Church and Sunday in Old New York,
page 5 of 16
In 1715 the second Albany church was built, on the site of the old one. As Pepys tells of St. Paul’s of London, so tradition says this Albany church was built around the first one, that the congregation were only three weeks deprived of the use of the church, and the old one was carried out “by piece meal.” At any rate, it was precisely similar in shape, but was a substantial edifice of stone. This building was not demolished until 1806.
The sittings in this church sold for thirty shillings each, and were, as it was termed, “booked to next of kin.” When the first owner of a seat died (were he a man), the seat descended to his son or the eldest of his grandsons; if there was no son nor grandson, to his son-in-law; this heir being in default, the sitting fell to a brother, and so on. When the transfer was made, the successor paid fifteen shillings to the church. A woman’s seat descended to her daughter, daughter-in-law, or sister. Sittings were sold only to persons residing in Albany County. When a seat was not claimed by any heir of a former owner, it reverted to the church.
This church had some pretence to ornamentation. The windows were of stained glass decorated with the coat-of-arms of various Albany families. The panes with the Van Renssellaer and Dudley arms are still in existence. Painted escutcheons also hung on the walls, as they did in the church in Garden Street, New York. This was a custom of the Fatherland. A writer of that day said of the church in Harlem, “It is battered as full of scutcheons as the walls can hold.”
The meeting-house sometimes bore other decorations, —often “Billets of sales,” and notices of vendues or “outcrys.” Lost swine and empounded swine were signified by placards; town meetings and laws were posted. In the Albany church, when there was rumor of an approaching war with France, “powder, bales,” and guns to the number of fifty were ordered to be “hung up in ye church,” — a stern reminder of possible sudden bloodshed. “Ye fyre-masters” were also ordered to see that “ye fyre-ladders and fyre-hooks were hung at ye church.”

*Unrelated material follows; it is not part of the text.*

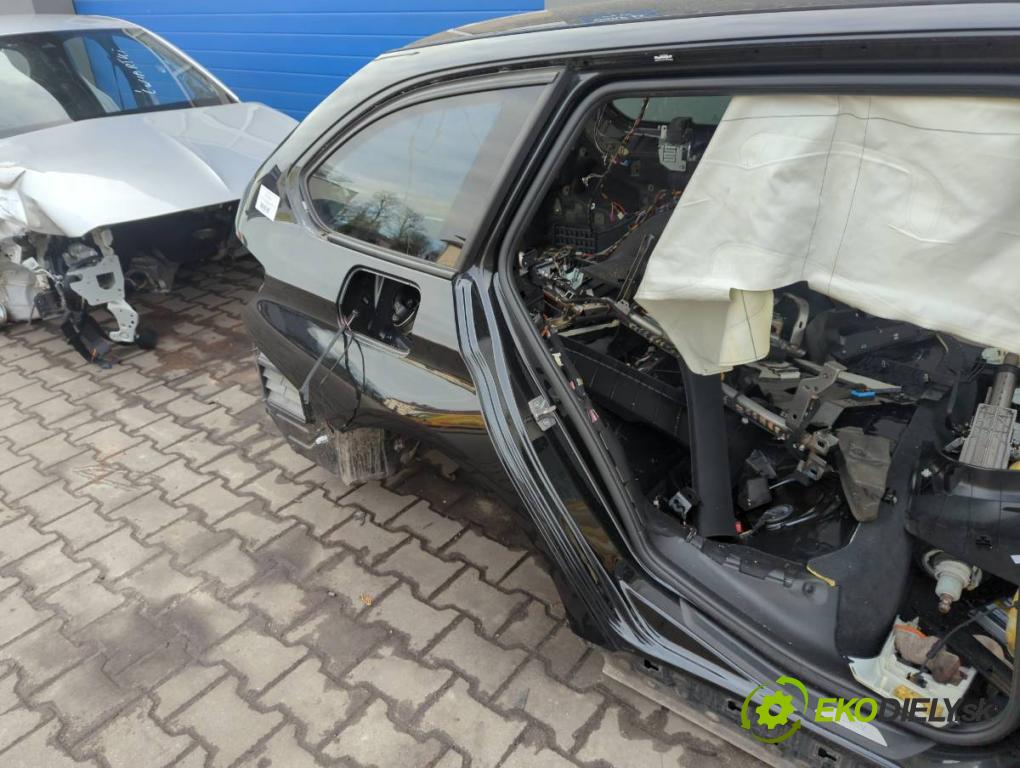 BMW 3 Touring (F31) 2012 - 2019    320 d 135 kW [184 KM] olej napędowy 2012 - 2016  KAROSERIA ČTVRŤÁK blatník zadní část levý pravý práh střecha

In 1698 a stone church was built in Flatbush. It cost nearly sixteen thousand guilders. It had a steep four-sided roof, ending in the centre in a small steeple. This roof was badly constructed, for it pressed out the upper part of one wall more than a foot over the foundation, and sorely bent the braces. The pulpit faced the door, and was flanked by the deacons’ bench on one side and the elders’ bench on the other.